The Enticement of Sinners

Proverbs 1; I die daily devotional.

10 My son, if sinners entice you, Do not consent.

This verse reminds me of when Jesus was enticed by the devil in the wilderness, but Jesus prevailed. This world represented by sinners, eagerly entices us away from our faith in Christ by its many indulgences; just one more drink; just one more social media post; one more opportunity to become somebody; one more sin; just one more [fill in the ______], but whatever it takes to ignore the conviction of truth heard from God.

The pleasantries of immediate satisfaction that sinners aim to have every moment is like Sirens to the hearts of men; there is pleasure in the heart of death, but pain in the salvation of the soul because of the truth about knowledge. Wisdom teaches us through the words and behavior of our Lord during the time of His temptation how faith is secure in Christ. Jesus faced the options to the concept of “just one more” temptation to prove the evidence of a KING, but did not accept. What did Jesus say?

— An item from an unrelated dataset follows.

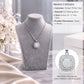 Lavencious Sterling Silver Square White Opal Halo Pendant Necklace with 16"+2" Italian Box Chain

Matthew 4:8 Again, the devil *took Him to a very high mountain and *showed Him all the kingdoms of the world and their glory; 9 and he said to Him, “All these things I will give You, if You fall down and worship me.” 10 Then Jesus *said to him, “Go, Satan! For it is written, ‘YOU SHALL WORSHIP THE LORD YOUR GOD, AND SERVE HIM ONLY.’” 11 Then the devil *left Him; and behold, angels came and began to minister to Him.

Jesus rebuked Satan, and Satan went away. The power of darkness consumes us sinners to death, but God in His love and mercy blessed us with a faith to believe in Jesus—not forced, but given. We worship the Lord our God through faith by believing in Jesus Christ. To have Jesus means we have the Holy Spirit to help us discern good and evil, and to rebuke that which is evil in ourselves.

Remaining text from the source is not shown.